UTF-8 question

Nikolai_lone-star_We · 12 August 2003 14:31

I’ve finally switched to UTF-8. It’s awesome. Now, if I can only find
a utility that draws ANSI-art with UNICODE’s line/block-drawing
characters ;-). (I guess it’d have to be UNICODE-art then My
problem, however, is: Ruby doesn’t seem to support UTF-8, which is bad
for me. I need it to parse incoming UTF-8 strings to convert them to
valid ISO9660 filenames. Anyone have any suggestions as to how to solve
this?

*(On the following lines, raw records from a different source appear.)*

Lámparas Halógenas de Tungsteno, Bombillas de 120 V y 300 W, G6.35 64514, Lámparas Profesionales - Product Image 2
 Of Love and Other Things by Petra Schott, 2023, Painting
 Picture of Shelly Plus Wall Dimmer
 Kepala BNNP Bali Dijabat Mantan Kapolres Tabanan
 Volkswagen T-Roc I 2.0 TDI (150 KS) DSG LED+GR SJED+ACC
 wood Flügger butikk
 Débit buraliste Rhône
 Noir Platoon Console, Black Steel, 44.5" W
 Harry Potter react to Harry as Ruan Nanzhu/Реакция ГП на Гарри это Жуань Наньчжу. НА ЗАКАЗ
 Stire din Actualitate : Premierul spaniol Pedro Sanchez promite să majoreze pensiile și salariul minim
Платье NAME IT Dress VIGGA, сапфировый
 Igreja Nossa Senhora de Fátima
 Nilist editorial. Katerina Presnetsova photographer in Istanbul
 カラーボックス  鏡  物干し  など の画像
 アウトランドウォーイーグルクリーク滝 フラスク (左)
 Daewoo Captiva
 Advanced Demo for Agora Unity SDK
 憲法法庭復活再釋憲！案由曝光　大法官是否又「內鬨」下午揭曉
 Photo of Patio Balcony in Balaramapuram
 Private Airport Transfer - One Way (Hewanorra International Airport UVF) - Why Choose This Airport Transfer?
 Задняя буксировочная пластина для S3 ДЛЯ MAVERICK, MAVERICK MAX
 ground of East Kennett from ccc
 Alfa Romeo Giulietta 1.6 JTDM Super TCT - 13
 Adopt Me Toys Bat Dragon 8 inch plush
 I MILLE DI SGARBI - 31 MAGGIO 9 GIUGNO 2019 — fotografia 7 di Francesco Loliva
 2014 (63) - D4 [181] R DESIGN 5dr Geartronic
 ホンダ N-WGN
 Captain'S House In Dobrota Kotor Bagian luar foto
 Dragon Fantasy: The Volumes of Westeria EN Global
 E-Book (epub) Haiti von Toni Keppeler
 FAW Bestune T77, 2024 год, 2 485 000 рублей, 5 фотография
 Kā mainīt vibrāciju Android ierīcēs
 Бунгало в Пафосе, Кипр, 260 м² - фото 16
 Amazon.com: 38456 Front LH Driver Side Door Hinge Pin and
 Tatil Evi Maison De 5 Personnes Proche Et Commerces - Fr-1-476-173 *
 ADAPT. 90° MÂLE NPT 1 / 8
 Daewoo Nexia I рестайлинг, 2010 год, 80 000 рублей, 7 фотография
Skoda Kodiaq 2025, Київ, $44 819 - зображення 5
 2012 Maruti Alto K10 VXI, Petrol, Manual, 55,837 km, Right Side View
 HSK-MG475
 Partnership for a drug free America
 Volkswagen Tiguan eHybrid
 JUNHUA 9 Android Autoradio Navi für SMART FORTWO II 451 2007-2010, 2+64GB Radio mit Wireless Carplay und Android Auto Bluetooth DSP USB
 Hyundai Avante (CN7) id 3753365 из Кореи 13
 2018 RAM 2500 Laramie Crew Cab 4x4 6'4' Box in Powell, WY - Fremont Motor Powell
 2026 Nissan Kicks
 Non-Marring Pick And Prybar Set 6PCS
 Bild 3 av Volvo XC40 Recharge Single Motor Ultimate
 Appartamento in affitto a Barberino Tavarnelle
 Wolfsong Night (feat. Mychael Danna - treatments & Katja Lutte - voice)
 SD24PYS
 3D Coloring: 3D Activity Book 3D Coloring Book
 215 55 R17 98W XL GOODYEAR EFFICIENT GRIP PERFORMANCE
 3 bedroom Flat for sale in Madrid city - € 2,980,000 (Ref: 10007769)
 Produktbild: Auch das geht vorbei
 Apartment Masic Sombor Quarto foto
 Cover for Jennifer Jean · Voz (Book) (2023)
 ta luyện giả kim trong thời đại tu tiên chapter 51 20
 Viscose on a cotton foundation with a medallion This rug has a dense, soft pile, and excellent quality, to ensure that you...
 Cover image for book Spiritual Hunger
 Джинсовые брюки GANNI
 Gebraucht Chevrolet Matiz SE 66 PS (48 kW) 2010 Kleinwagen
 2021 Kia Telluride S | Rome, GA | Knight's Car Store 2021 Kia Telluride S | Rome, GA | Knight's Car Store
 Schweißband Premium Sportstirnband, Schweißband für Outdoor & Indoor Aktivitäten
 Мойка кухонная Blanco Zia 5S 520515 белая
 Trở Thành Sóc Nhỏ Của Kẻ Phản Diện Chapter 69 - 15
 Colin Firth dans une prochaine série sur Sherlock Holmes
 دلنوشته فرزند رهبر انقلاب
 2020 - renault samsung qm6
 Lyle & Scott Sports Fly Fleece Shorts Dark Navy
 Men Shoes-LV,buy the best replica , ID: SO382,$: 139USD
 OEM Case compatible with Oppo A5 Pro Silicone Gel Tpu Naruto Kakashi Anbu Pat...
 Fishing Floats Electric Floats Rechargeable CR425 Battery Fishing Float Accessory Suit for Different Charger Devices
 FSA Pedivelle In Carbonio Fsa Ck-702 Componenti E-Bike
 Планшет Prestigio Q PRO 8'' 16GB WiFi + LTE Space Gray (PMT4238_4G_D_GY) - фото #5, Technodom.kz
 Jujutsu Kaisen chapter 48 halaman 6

Are there any good libraries?
nikolai

···

–
::: name: Nikolai Weibull :: aliases: pcp / lone-star :::
::: born: Chicago, IL USA :: loc atm: Gothenburg, Sweden :::
::: page: www.pcppopper.org :: fun atm: gf,lps,ruby,php,war3 :::
main(){printf(&linux["\021%six\012\0"],(linux)[“have”]+“fun”-97);}

Brian_Candler · 12 August 2003 14:55

Try ‘iconv’, supplied with 1.8.0 or available from RAA as in the “shim”
module.

Note: this didn’t build on my FreeBSD system, even though I have libiconv
and iconv.h:

$ less ext/iconv/mkmf.log
have_header: checking for iconv.h… --------------------
gcc -E -I/home/brian/rubykit18/work/ruby-1.8.0 -I/home/brian/rubykit18/work/ruby-1.8.0 -g -O2 -o conftest.i conftest.c
conftest.c:1: iconv.h: No such file or directory
checked program was:
/* begin /
#include <iconv.h>
/ end */

It guess it doesn’t look in /usr/local/include unless told explicitly to do
so.

Regards,

Brian.

···

On Tue, Aug 12, 2003 at 11:31:53PM +0900, Nikolai Weibull wrote:

I’ve finally switched to UTF-8. It’s awesome. Now, if I can only find
a utility that draws ANSI-art with UNICODE’s line/block-drawing
characters ;-). (I guess it’d have to be UNICODE-art then My
problem, however, is: Ruby doesn’t seem to support UTF-8, which is bad
for me. I need it to parse incoming UTF-8 strings to convert them to
valid ISO9660 filenames. Anyone have any suggestions as to how to solve
this? Are there any good libraries?

Yukihiro_Matsumoto2 · 12 August 2003 15:51

Hi,

···

In message “UTF-8 question” on 03/08/12, Nikolai Weibull lone-star@home.se writes:

My problem, however, is: Ruby doesn’t seem to support UTF-8, which is bad
for me. I need it to parse incoming UTF-8 strings to convert them to
valid ISO9660 filenames. Anyone have any suggestions as to how to solve
this? Are there any good libraries?

As usual, my first answer is:

define “UTF-8 support” first.

Ruby does support UTF-8 mostly using its UTF-8 aware regex engine.
Besides, for conversion between encodings, you have iconv module.

						matz.

Brian_Candler · 12 August 2003 15:09

It guess it doesn’t look in /usr/local/include unless told explicitly to do
so.

FYI, I just rebuilt using

CPPFLAGS=“-I/usr/local/include” LDFLAGS=“-L/usr/local/lib” ./configure && make && make test && sudo make install

and now I have iconv.

Cheers,

Brian.

Nikolai_lone-star_We · 12 August 2003 16:34

Yukihiro Matsumoto matz@ruby-lang.org [Aug, 12 2003 18:10]:

Hi,

My problem, however, is: Ruby doesn’t seem to support UTF-8, which is bad
for me. I need it to parse incoming UTF-8 strings to convert them to
valid ISO9660 filenames. Anyone have any suggestions as to how to solve
this? Are there any good libraries?

As usual, my first answer is:

define “UTF-8 support” first.

hm…I messed up. I was trying to do “hispañola”.gsub(/\xf1/, ‘n’), but
should have been doing “hispañola”.gsub(/ñ/, ‘n’)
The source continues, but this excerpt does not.